Danish carpenter Ole Kirk Christiansen began the company out of his shop in 1932, as he was not making enough on just his usual wares, due to the Great Depression. He continued to make regular furniture, but also sold wooden toys under his own name. As with many cultural icons, World War II gave the economy a boost, and Christiansen was able to look into other types of toys that were previously too expensive – and upon obtaining a plastic injection machine, started making plastic cars and trucks, some of which could be taken apart and put back together, not unlike the plastic brick-and-stud toys being made by another company, Kiddicraft. Around this time, the name “Lego” was established, based on the Danish words for “play well.” Lego used the patents and plans for the Kiddicraft bricks, thus creating the first plastic Lego bricks. The company was not initially successful though, as the concept of plastic toys was still too new to most in Europe, and the items were seen as inferior to the stronger wood or even metal pre-war era playthings. They persevered, and kept producing their bricks alongside their original style toys, and little by little, the bricks became more popular.

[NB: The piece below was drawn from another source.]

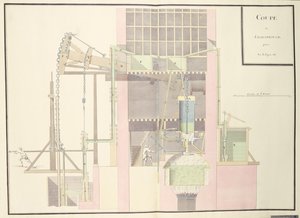 खानों से पानी बढ़ाने के लिए भाप मशीन का क्रॉस-सेक्शन, c.1760 (कागज पर पेन और स्याही और wc) द्वारा फ्रेंच स्कूल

Lego had become a major brand in Denmark and other European countries by the 1960s. In 1968, the very first Legoland theme park was opened (roughly thirteen years after Disneyland and three years before Disney World) in their home city of Billund. Upon expanding to the international market in the mid-60s, Lego's name became known to more and more people, the bricks themselves becoming a sort of celebrity in their own right. During the 1970s, sets were released worldwide, themes such as “Expert,” “Castle,” and “Town” were produced and expanded upon annually, and in 1975, the first Lego minifigures were made. These were unposable, but the same basic design was used when in 1978, the first modern type minifigs were included in the construction sets. Sets ranged from ones targeted to younger children (the now-praised Fabuland theme) to simple town/city structures that made for good imaginative play. Over the next two decades, Lego experimented with new concepts and themes, many of which exist today in some way – Castle comes back every now and again, Pirates (which were the first minifigs to use new printings and styles beyond the basic smile) appears once in a while, and the Space theme is paid tribute to in The Lego Movie with the “1980s spaceman” character, Benny.

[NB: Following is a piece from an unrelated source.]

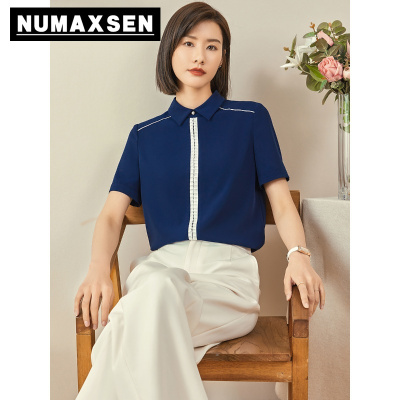 纽曼森（Numaxsen）衬衫女短袖2021夏季新款职业宽松大码上衣休闲工装衬衣面试装正式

There's only so much one can come up with, and Lego realized that in the late 1990s. The bricks were being overshadowed in the public mindset due to toylines such as Transformers during the late 1980s. With the newfound popularity of the Star Wars franchise following the 1997 Special Edition rereleases and the then-upcoming prequel trilogy, Lego and Lucasfilm made a deal for the company to make a series of sets based on the movies – officially making Star Wars the first third-party licensee of the company. This line continues to this day as one of their most successful themes, with sets featuring vehicles and locations like the Millennium Falcon and the Death Star. Two years later, Lego got involved in television and buildable action figures – but not all endeavors performed well. The Fox Kids TV show Galidor was produced as a tie-in to the line of toys, but the line proved unpopular with fans and was swiftly canceled. Meanwhile, Lego was trying their hand at complete brick built figures, leading to the Bionicle theme – a total in-house creation, with in-depth lore and story written to further develop the brand. Slowly, the company reclaimed their place in the toy box, and with popular themes such as Marvel and DC Comics, Ninjago, Creator, and Minecraft, Lego found a way to keep everybody interested without dividing the fanbase and bring in more of the modern generation of kids who might not gravitate towards the generic bricks.

After returning to the public eye during the height of the Star Wars prequel trilogy, Lego continued to release sets across several new themes, all while considering ways to bring the brand into other media. Short, two-minute films were animated, mostly involving Star Wars characters. Within a few years, feature-length movies based on the Lego DC Superheroes line were released, and while not the best animated movies, they're still watchable. Most notably, after years in development, The LEGO Movie was finally released in 201x, to critical and commercial success. It is often considered one of the best children's movies in recent years, and is followed by movies such as The LEGO Batman Movie, LEGO Ninjago, and an untitled sequel to the original film. On the side of plastics, Lego keeps working on creating new products and themes, sometimes with the help of fans themselves. The Ideas theme allows for anybody to come up with an idea and if it gets enough votes, the set will be produced and sold worldwide – such as the Beatles Yellow Submarine movie set, Ghostbusters, Doctor Who, and the recent Saturn V Apollo rocket. Several brand stores have opened, almost like a snapshot into the Legoland parks.

Of course, there were times where Lego was in danger of going bankrupt. Most companies do, and as usual, Lego found a way out and back to the mass market of people worldwide. Children and adults alike can find some enjoyment out of the bricks, whether it's buying one of the expensive modular buildings or just putting random pieces together and calling it a spaceship, the toys do not have an age cap. Artists, designers, architects, students – all have used Lego has a way to express themselves and present a new idea. The simple, anybody-can-do-it system makes it stand out from other toys, where hours of instructions and batteries are needed. There are the big ticket sets like the Death Star or the Disney Castle, but there are smaller ones that kids can get without breaking the bank. Lego has made it eighty years, and at this rate, will continue to make their iconic bricks for decades to come, if not centuries.